When another does something you feel damages the relationship, open your mouth and TELL 'em.
I confronted my dad one day as a young woman, and lovingly but firmly told him he was at risk of losing me as a daughter. My father had become quite vehement about his religious beliefs, and they'd infiltrated his life to the extent I couldn't share anything with him, without his bringing Jesus Christ in to the dialogue.
I loved my dad, but I'd grown myself to a point where I felt no obligation to maintain a bond that felt distancing~ much less, abusive. I sat him down one day and conveyed that every time he 'proselytized' to me, it pushed me further away from him.
I told him I respected his beliefs and understood they served him, but I was long past letting anyone shove their ideologies down MY throat, and if this continued, he would not see me anymore.
Two days later, my father (to his credit) called and thanked me for having delivered that message to him. The upshot? He NEVER engaged in that behavior with me again.
My dad SHOWED me I was important to him and that he truly loved me.
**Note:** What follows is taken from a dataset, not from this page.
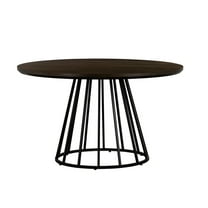 Armen Living Motion Round Contemporary Wood & Metal Dining Table in Oak/Black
I could now talk with him about my visit to a hardware store, a movie I'd seen, or whatever, without him launching into a monologue about Christ!
My father was a wise and loving man, but had some unresolved issues that tended to distance people he loved. Nobody else in the family confronted him when he triggered their anger. They simply cut off contact, and this was confusing and hurtful to him.
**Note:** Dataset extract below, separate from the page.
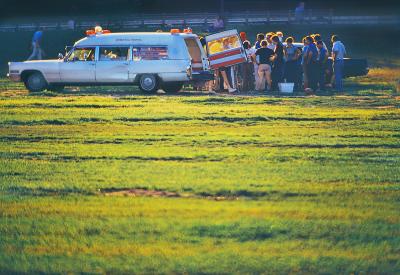 Mitchell Funk Divine Intervention Central Park Ambulance Scene Bathed in Golden Glowing Light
I was willing to terminate MY relationship with my father, but only after I'd sensed there was no hope for change. I think we must all reach a point where we can realize we don't NEED someone, and can actually thrive without them, if they fail to be a nourishing presence in our life.
I've been practicing confrontation with tools I invented for myself, since I was a young woman. I always teach my clients how to use these tools, for they are GOLD~ and make it far easier for one to state what they're feeling and thinking to another, and not have to procrastinate until they're basically a bull in a china shop~ which is never an effective communication strategy.
You'd be surprised how many people have poor communication skills, and are terrified of speaking their mind. It's best to get help with this, as what's still very true is, "the squeaky wheel gets the oil."